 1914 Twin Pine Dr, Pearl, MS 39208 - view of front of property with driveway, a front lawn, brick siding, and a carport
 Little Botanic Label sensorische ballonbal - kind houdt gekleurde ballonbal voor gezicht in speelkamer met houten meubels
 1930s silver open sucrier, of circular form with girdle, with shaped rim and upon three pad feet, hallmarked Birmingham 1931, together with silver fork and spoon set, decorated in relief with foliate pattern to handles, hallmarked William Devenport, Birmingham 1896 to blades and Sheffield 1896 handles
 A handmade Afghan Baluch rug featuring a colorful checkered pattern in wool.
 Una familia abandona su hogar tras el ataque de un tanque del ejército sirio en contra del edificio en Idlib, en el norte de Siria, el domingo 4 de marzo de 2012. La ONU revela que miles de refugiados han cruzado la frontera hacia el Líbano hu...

========

**Task to carry out:** Exact reproduction is required. Give the lines of the data from its first line through the line containing "Little Botanic Label", and no others.

**Your solution:**
 1914 Twin Pine Dr, Pearl, MS 39208 - view of front of property with driveway, a front lawn, brick siding, and a carport
 Little Botanic Label sensorische ballonbal - kind houdt gekleurde ballonbal voor gezicht in speelkamer met houten meubels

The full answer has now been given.